Hadoop Questions and Answers Part-3

1. ________ is a platform for constructing data flows for extract, transform, and load (ETL) processing and analysis of large datasets.
a) Pig Latin
b) Oozie
c) Pig
d) Hive

  Discussion

Answer: c
Explanation: Apache Pig is a platform for analyzing large data sets that consists of a high-level language for expressing data analysis programs.

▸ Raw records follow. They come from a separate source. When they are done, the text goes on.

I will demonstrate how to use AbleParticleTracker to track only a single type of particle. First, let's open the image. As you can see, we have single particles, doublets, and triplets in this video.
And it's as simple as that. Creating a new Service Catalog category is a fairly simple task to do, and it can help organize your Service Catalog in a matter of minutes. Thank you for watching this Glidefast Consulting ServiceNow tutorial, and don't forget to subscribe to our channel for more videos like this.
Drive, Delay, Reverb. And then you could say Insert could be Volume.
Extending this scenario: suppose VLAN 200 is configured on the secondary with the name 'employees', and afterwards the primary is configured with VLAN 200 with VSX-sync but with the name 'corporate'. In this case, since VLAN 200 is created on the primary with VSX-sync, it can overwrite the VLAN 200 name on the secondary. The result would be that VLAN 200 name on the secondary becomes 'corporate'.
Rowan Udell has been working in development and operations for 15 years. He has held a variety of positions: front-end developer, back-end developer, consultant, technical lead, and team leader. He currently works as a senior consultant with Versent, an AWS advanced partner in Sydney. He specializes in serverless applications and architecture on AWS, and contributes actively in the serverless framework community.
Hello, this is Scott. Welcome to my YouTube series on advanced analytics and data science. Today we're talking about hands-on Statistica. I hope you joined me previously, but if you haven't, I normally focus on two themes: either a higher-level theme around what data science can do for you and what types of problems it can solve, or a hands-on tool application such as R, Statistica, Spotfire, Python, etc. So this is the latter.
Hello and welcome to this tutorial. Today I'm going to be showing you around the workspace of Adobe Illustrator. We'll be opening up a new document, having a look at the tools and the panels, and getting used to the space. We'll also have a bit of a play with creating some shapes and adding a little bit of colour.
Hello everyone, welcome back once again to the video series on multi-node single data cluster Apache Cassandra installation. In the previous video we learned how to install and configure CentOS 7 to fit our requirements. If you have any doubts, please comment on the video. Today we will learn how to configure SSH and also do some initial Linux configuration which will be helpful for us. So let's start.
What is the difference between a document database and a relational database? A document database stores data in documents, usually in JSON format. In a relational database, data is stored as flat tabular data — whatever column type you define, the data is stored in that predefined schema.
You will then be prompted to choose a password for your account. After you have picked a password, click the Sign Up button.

2. Point out the correct statement.
a) Hive is not a relational database, but a query engine that supports the parts of SQL specific to querying data
b) Hive is a relational database with SQL support
c) Pig is a relational database with SQL support
d) All of the mentioned

  Discussion

Answer: a
Explanation: Hive is a SQL-based data warehouse system for Hadoop that facilitates data summarization, ad hoc queries, and the analysis of large datasets stored in Hadoop-compatible file systems.

3. _________ hides the limitations of Java behind a powerful and concise Clojure API for Cascading.
a) Scalding
b) HCatalog
c) Cascalog
d) All of the mentioned

  Discussion

Answer: c
Explanation: Cascalog also adds Logic Programming concepts inspired by Datalog. Hence the name “Cascalog” is a contraction of Cascading and Datalog.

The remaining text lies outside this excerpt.